En efecto, la razón de esa diferencia es muy sencilla: los primeros han adoptado la democracia liberal, los segundos no. En Locke, Montesquieu, Smith, Ricardo, Hayek, Schumpeter y Friedman, entre otros, se encuentra la fácil solución al problema: un régimen democrático liberal asegura la estabilidad institucional y la prosperidad económica. América Latina se encuentra en el deplorable estado actual porque el comunismo, su vertiente light del socialismo, el populismo y el clientelismo, amén de férreas dictaduras caudillistas, han impedido que se encamine en la senda de la libertad y el progreso.
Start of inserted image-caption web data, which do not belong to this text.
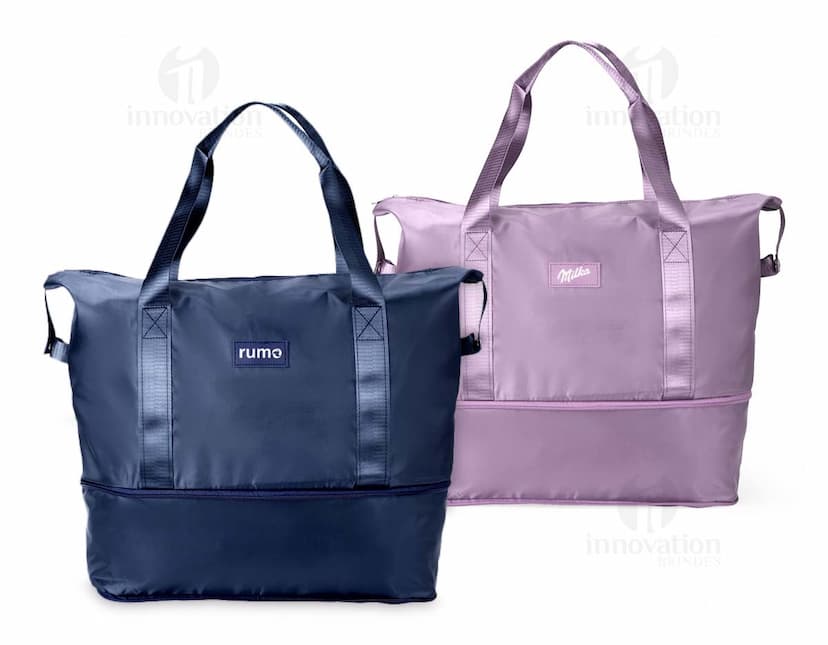 Bolsa esportiva feita de poliéster preto com alças, fecho de zíper e logo de marca branca na frente.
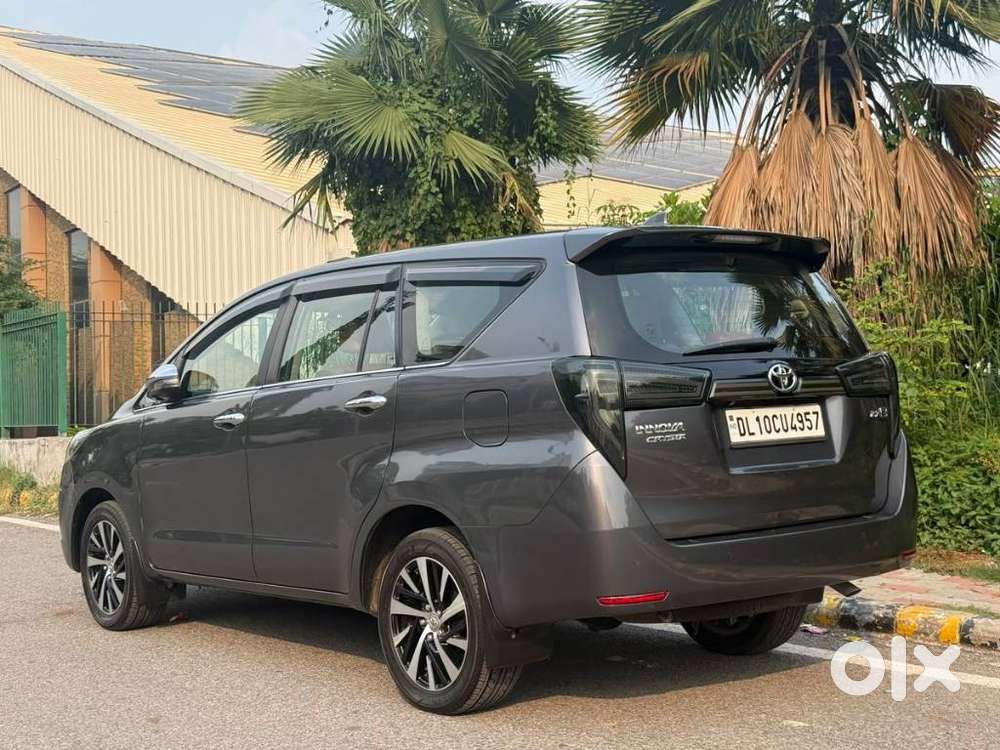 Toyota Innova Crysta, 2022, Petrol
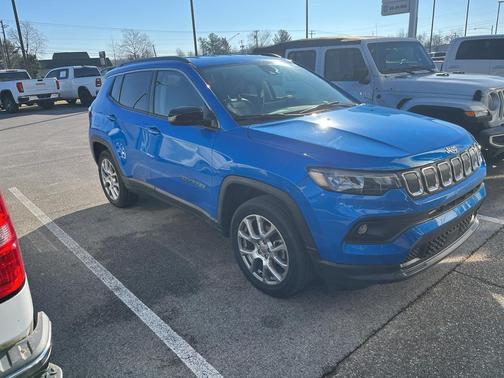 2022 Jeep Compass Latitude Lux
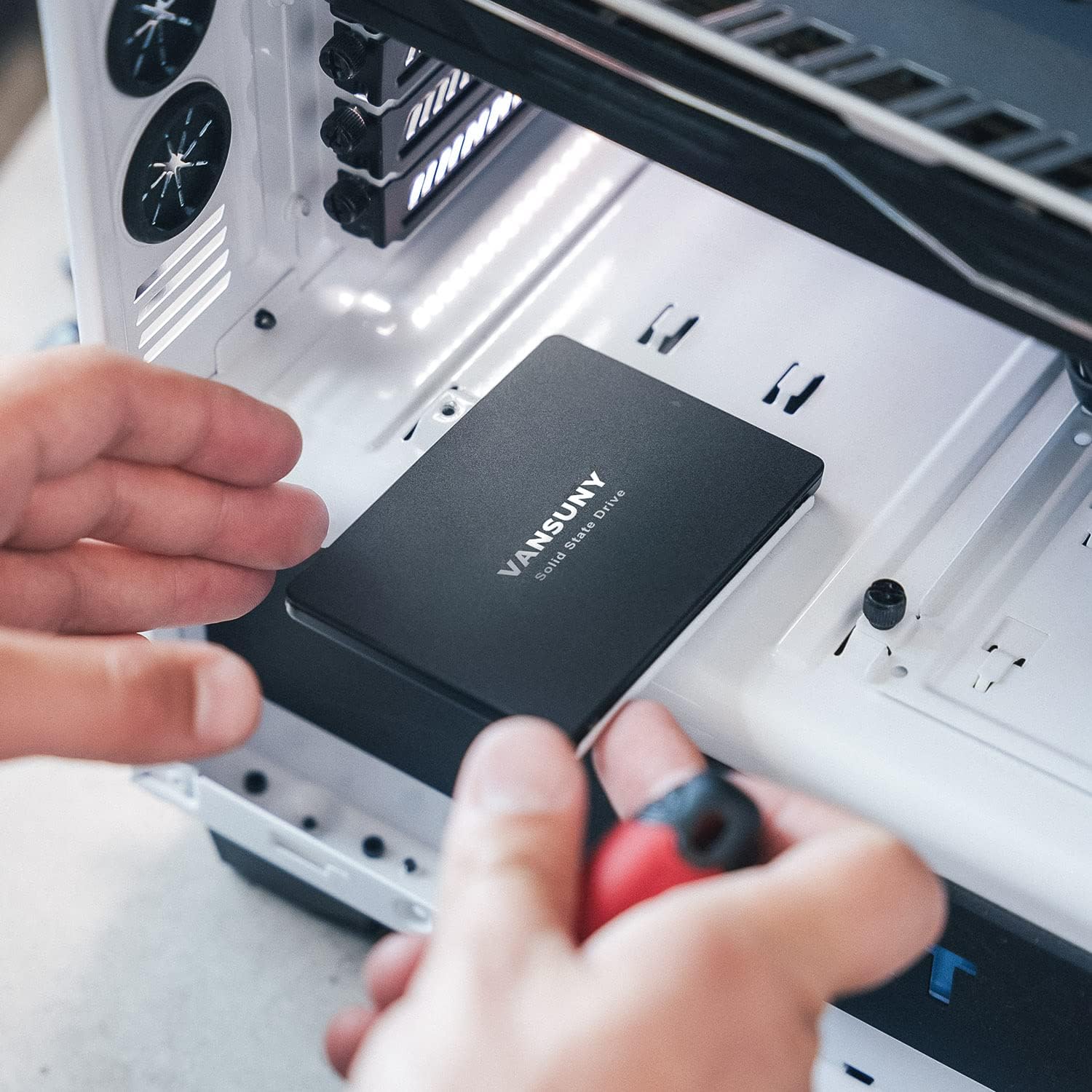 Detalle 2 de Vansuny Intern SSD 256GB 2,5 Zoll SATA III – schneller Speicher für PC und Laptop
Para acabar con esa tara, es ineludible que la región se aboque a un consenso mínimo que introduzca un verdadero régimen liberal, el cual en mi concepto debería tener las siguientes características fundamentales:

Estado de Derecho: la supremacía de la Constitución, por encima de toda otra cuestión, y la garantía de la permanencia de esta sobre cualquier otra norma o institución es el rasgo fundamental de una democracia liberal. El Reino Unido ni siquiera tiene una, Estados Unidos la tiene inalterable desde hace más de dos siglos y los países de la Europa Occidental siguen ese camino de permanencia de la norma constitucional.

Democracia representativa: la soberanía está en el pueblo, la cual la ejerce a través del sufragio, confiriendo el poder a sus representantes, que ejercen este en tres ramas estrictamente separadas: Legislativo, Ejecutivo y Judicial.

Garantías de libertades: el individuo es el eje del sistema, nada puede estar por encima de él, sobre todo, el Estado, y nada puede coartar el ejercicio de su libertad. Consecuente con este principio, el derecho a la vida, la propiedad, etcétera son inalienables.

Economía de mercado: nada de eufemismos, se debe garantizar la plena libertad de la iniciativa privada a través de la economía de mercado. Ni Estado social, ni cooperativo, ni socialdemócrata, ni ningún otro neologismo que pretenda coartar la economía libre pueden ser permitidos.

Estado mínimo: el Estado debe avocarse a las tareas fundamentales que no pueden ser ejercidas por otros entes: defensa de la soberanía y seguridad nacional, justicia, externalidades, educación básica, salud y seguridad social (estas dos a través de concesión al sector privado). Nada de planificación estatal, de empresas públicas, y cualquier otro mecanismo por el cual el Estado invada la esfera privada.

Sistema de partidos: es indispensable un sistema de partidos fuerte, institucionalizado, democrático y estable. Donde no exista este, se cae en el peligro del populismo o el clientelismo.

Cero corrupción: esta es la madre de la degeneración del sistema, como bien desde Aristóteles se viene indicando. El clientelismo y el populismo son cunas de la corrupción, por lo tanto, deben ser erradicados de raíz.

Libertad religiosa y de conciencia: consecuencia ineludible del principio de la libertad individual ilimitada, solamente por las limitaciones legales.

Primacía del bien común: regla ineludible de toda democracia.

Fundamentación en los valores éticos y morales: esta es la regla de oro de todo régimen liberal, la cual impide la degeneración del sistema político, social y económico.

Es menester analizar por qué se ha dado el éxito en unos países del régimen de democracia liberal y en otros, no. No se trata de una superioridad de las poblaciones, ni de condiciones geográficas, ni de determinismos históricos. Tampoco de una herencia incambiable (los “tigres asiáticos” así lo demuestran). En mi opinión, es simplemente un problema sociocultural: el discurso izquierdista ha impregnado las bases culturales de la sociedad, por lo tanto, impide por inercia que las costumbres socialistas, populistas y clientelares sean erradicadas. Se necesita, pues, una verdadera revolución, sobre todo mental, para que América Latina despegue hacia su verdadero desarrollo, el cual no puede estar fundamentado, insisto, sino en un consenso liberal.